WORK TASK:
With the pictures removed, reproduce exactly the lines from the one that contains "Blank Canvas Pen" through the last line of the entries below.

━━━ SUPPLIED RECORDS ━━━

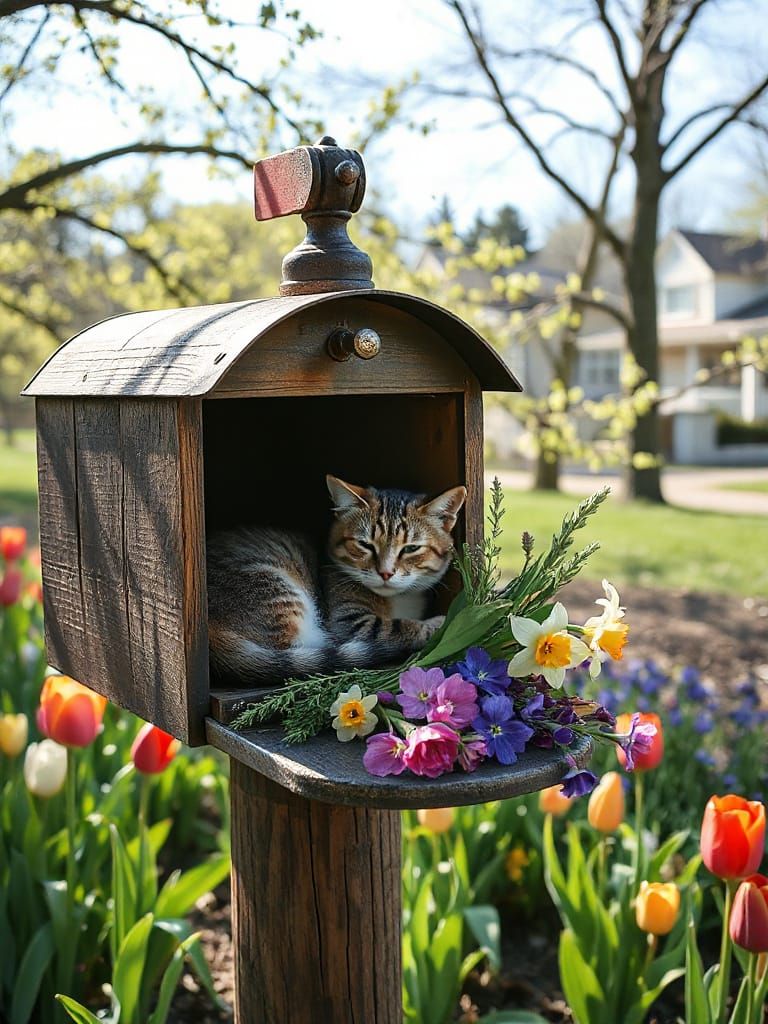 Cozy Cat Nook in Spring Flower Mailbox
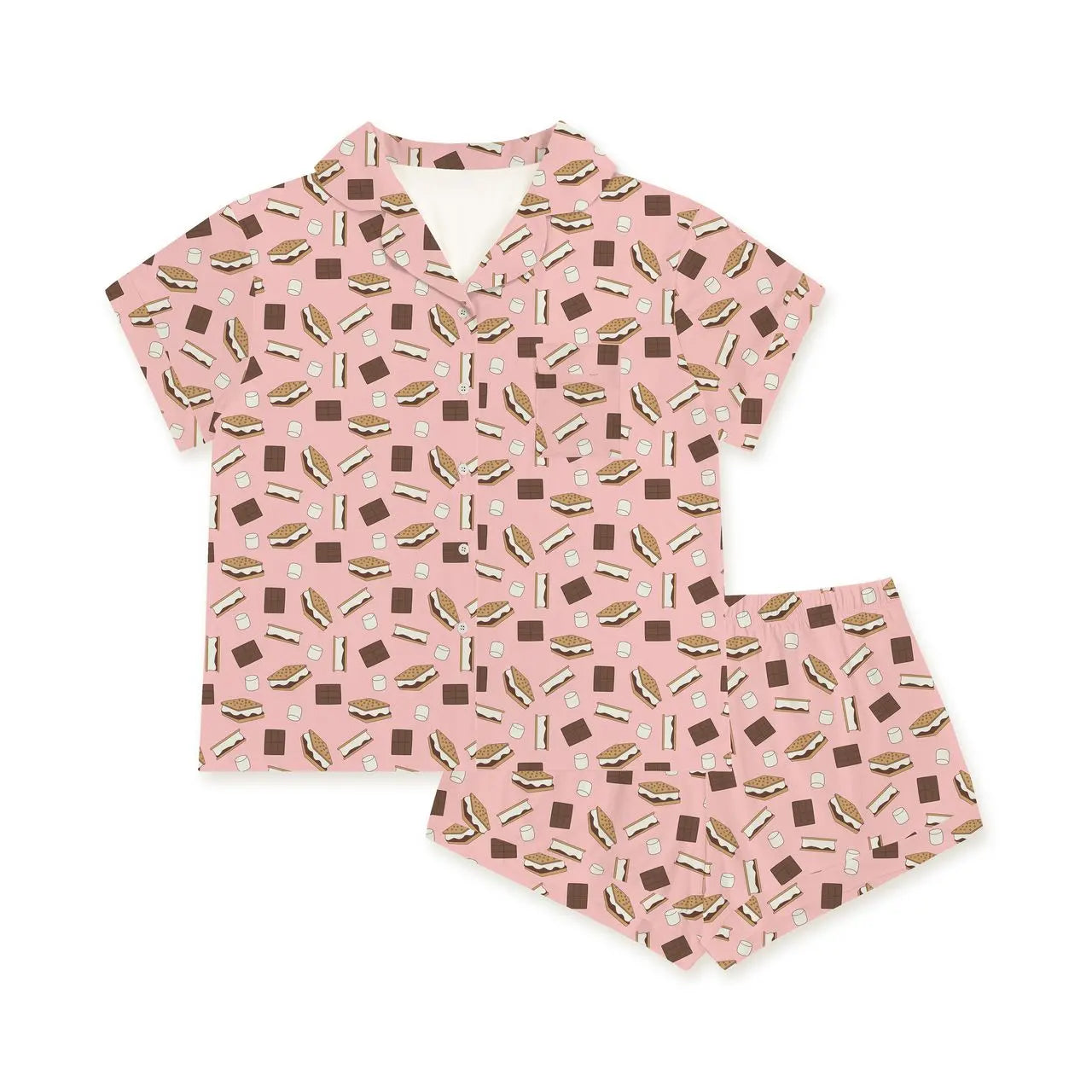 Smore To Love Womens Short Sleeve Bamboo Pajama Set Pink Dreamlet Everetts Place: Online Boutique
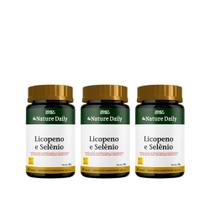 Licopeno com Selenio 60 capsulas Nature Daily kit 3 unidades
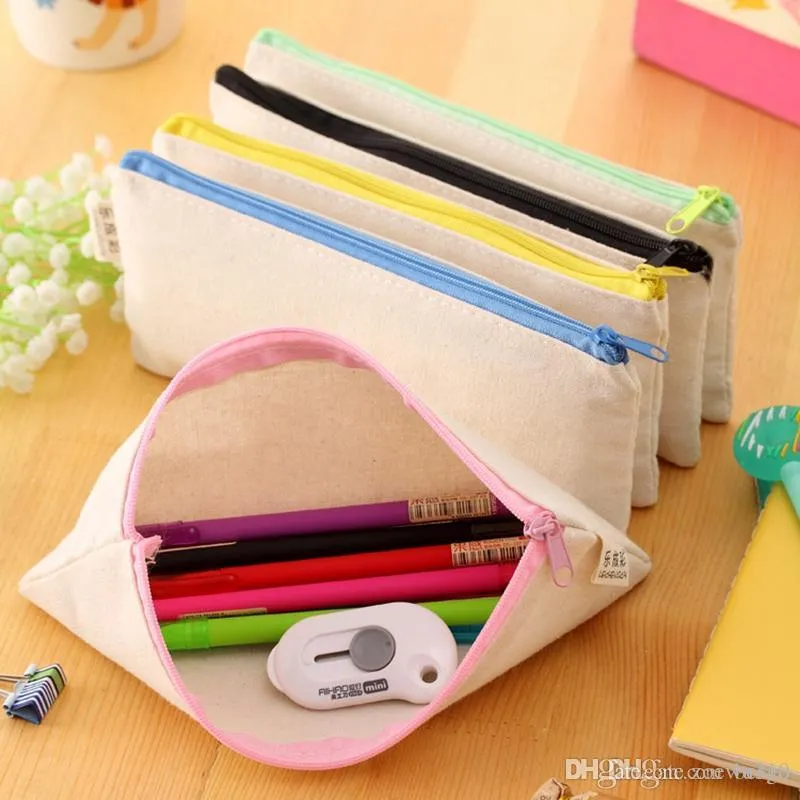 Blank Canvas Pen Pouch Zipper Pencil Case Cosmetic Bag Maquillage Sacs Pochette Organisateur Étudiant Papeterie Sacs De Rangement Cadeau WVT0294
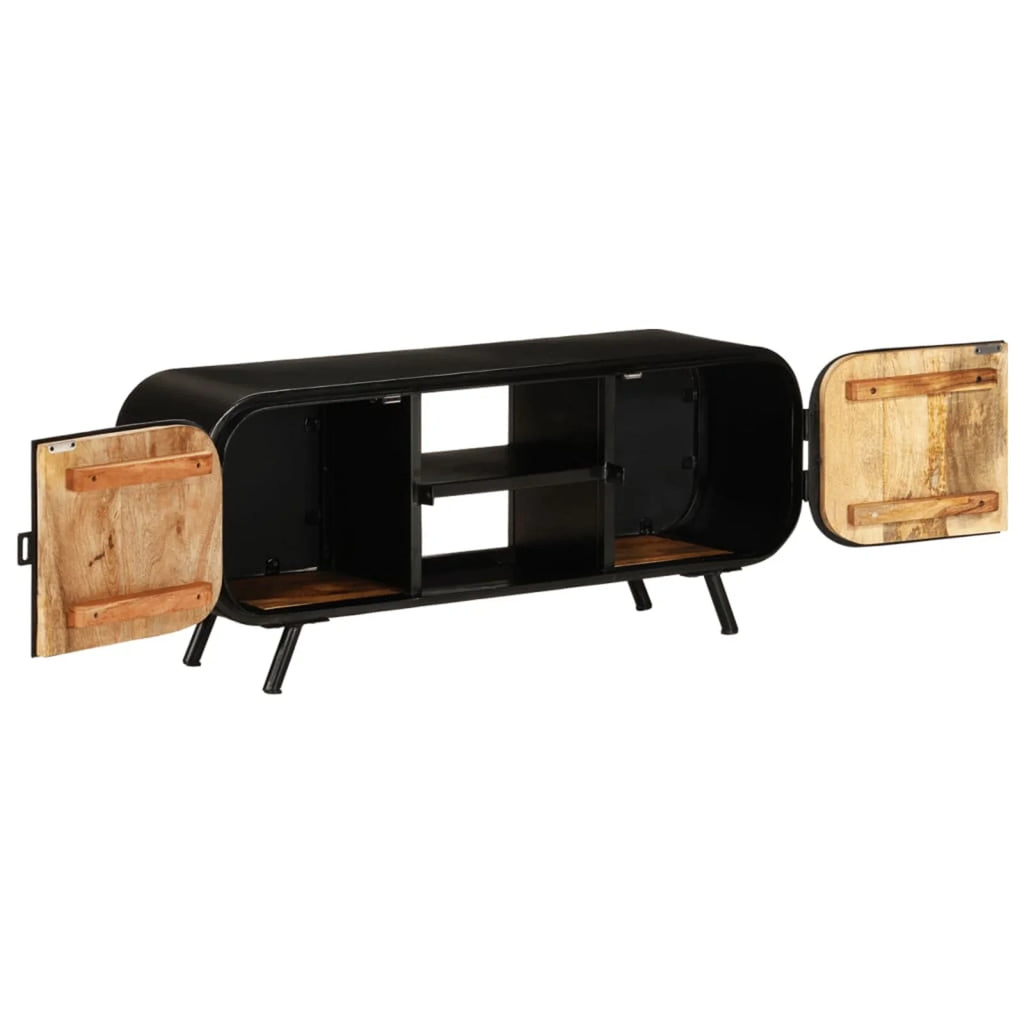 TV Stand with 2 Compartments and 2 Shelves, Mango Wood, Iron Legs K3015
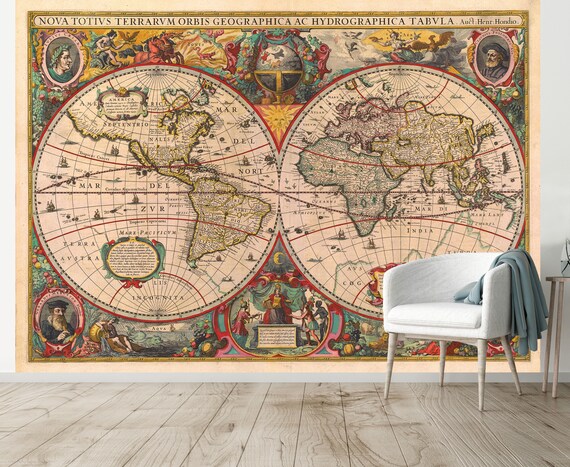 Old World Wall Map Mural Wall Design Ideas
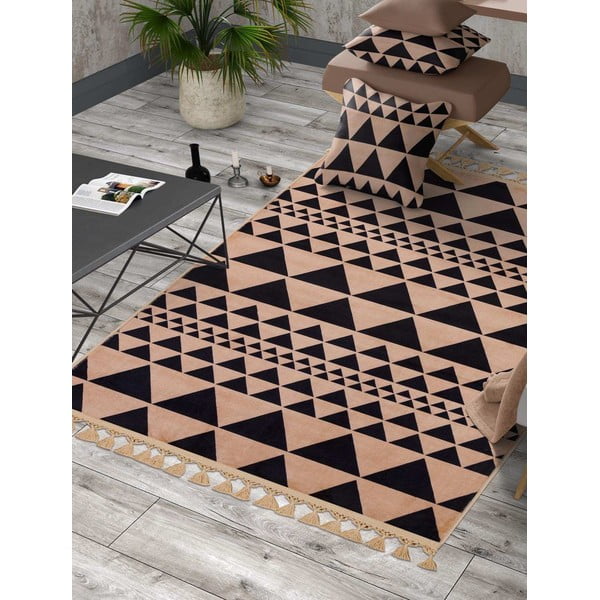 Covor lavabil bej 300x80 cm - Vitaus-image-1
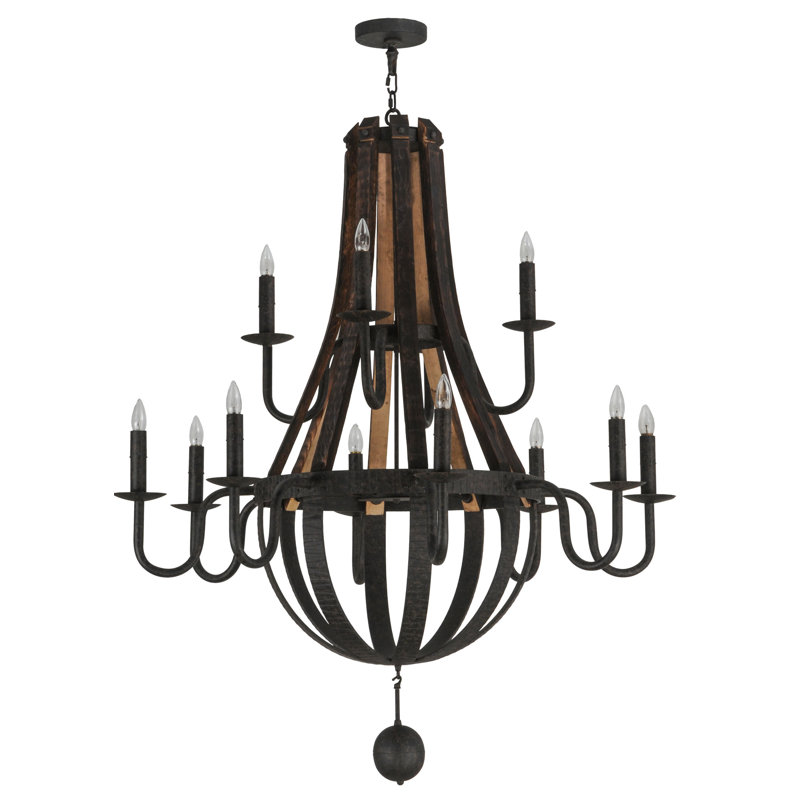 Barrel Stave Madera 12 - Light Chandelier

━━━

COMPLETED EXERCISE:
 Blank Canvas Pen Pouch Zipper Pencil Case Cosmetic Bag Maquillage Sacs Pochette Organisateur Étudiant Papeterie Sacs De Rangement Cadeau WVT0294
 TV Stand with 2 Compartments and 2 Shelves, Mango Wood, Iron Legs K3015
 Old World Wall Map Mural Wall Design Ideas
 Covor lavabil bej 300x80 cm - Vitaus-image-1
 Barrel Stave Madera 12 - Light Chandelier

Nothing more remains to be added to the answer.